DATA FOR REVIEW:
◇ ◇ ◇ ◇ ◇

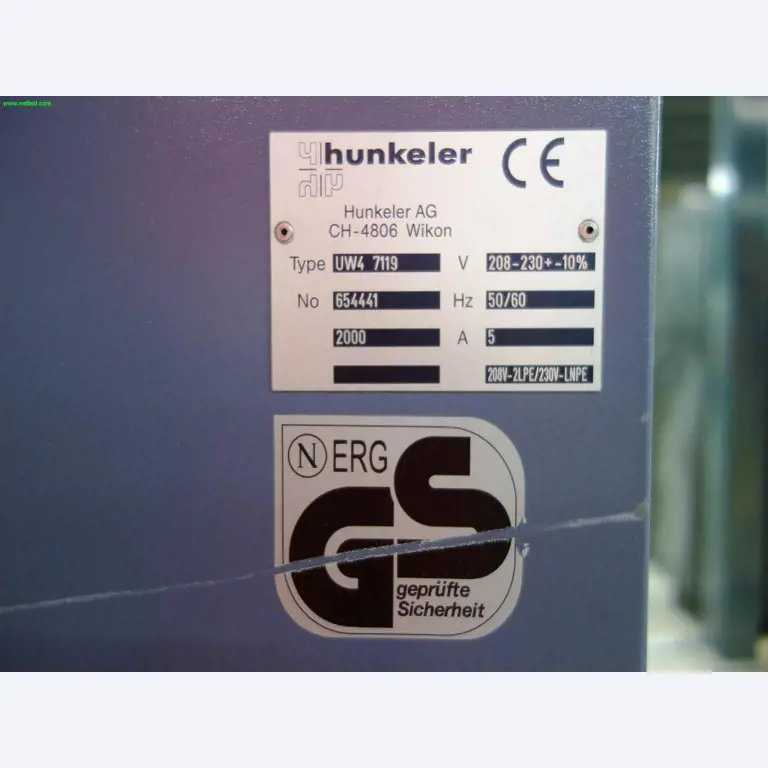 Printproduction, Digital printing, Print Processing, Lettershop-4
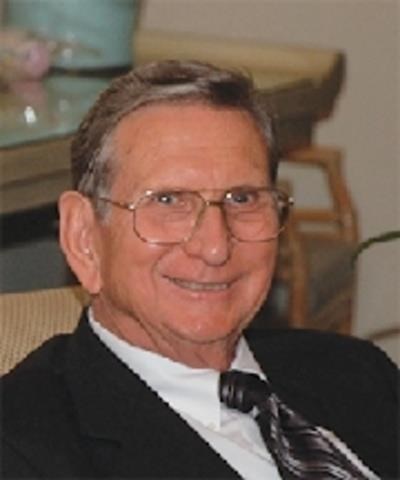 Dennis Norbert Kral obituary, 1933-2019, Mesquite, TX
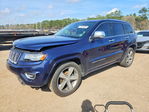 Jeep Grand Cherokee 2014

◇ ◇ ◇ ◇ ◇

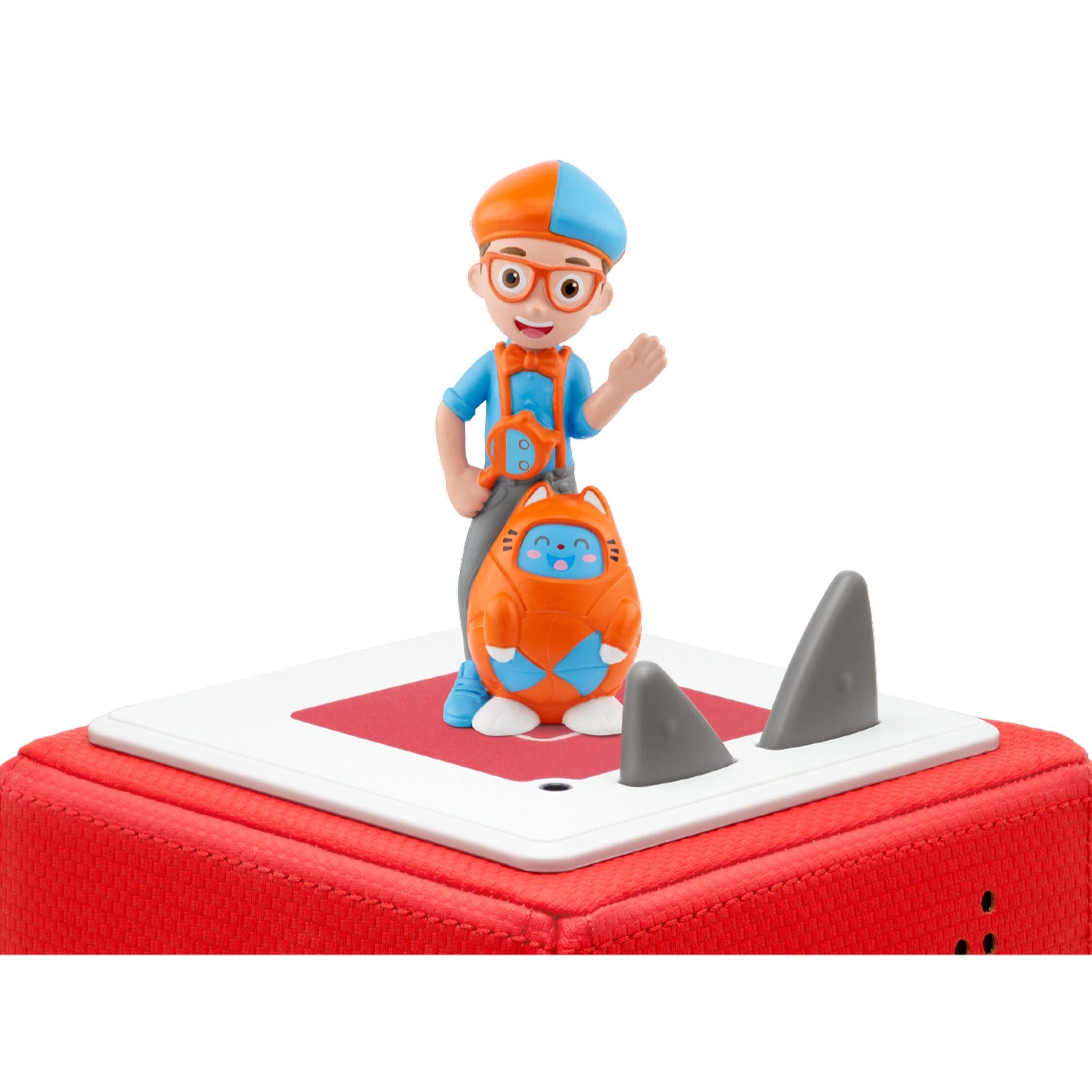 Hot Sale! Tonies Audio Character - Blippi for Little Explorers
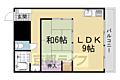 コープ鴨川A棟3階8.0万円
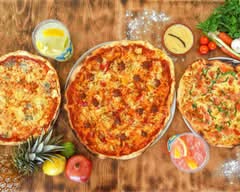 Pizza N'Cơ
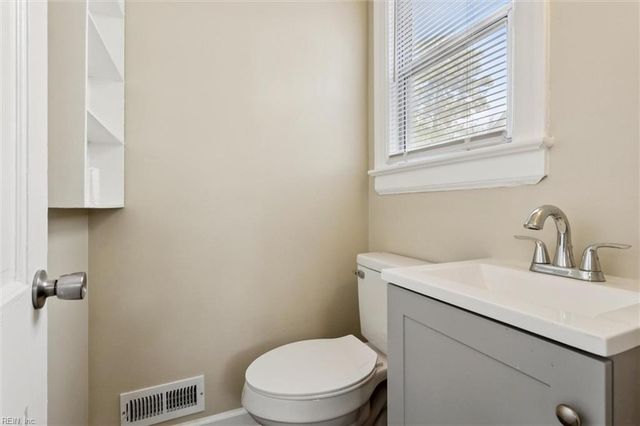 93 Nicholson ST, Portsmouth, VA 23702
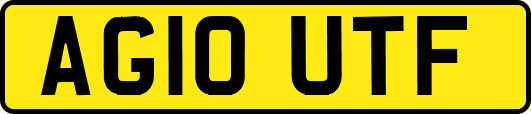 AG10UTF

◇ ◇ ◇ ◇ ◇

What is needed is an exact copy of the lines above, from the one holding "Dennis Norbert Kral" down to the one holding "Jeep Grand Cherokee 2014", with those two included and the pictures left out.

COMPLETED EXERCISE:
 Dennis Norbert Kral obituary, 1933-2019, Mesquite, TX
 Jeep Grand Cherokee 2014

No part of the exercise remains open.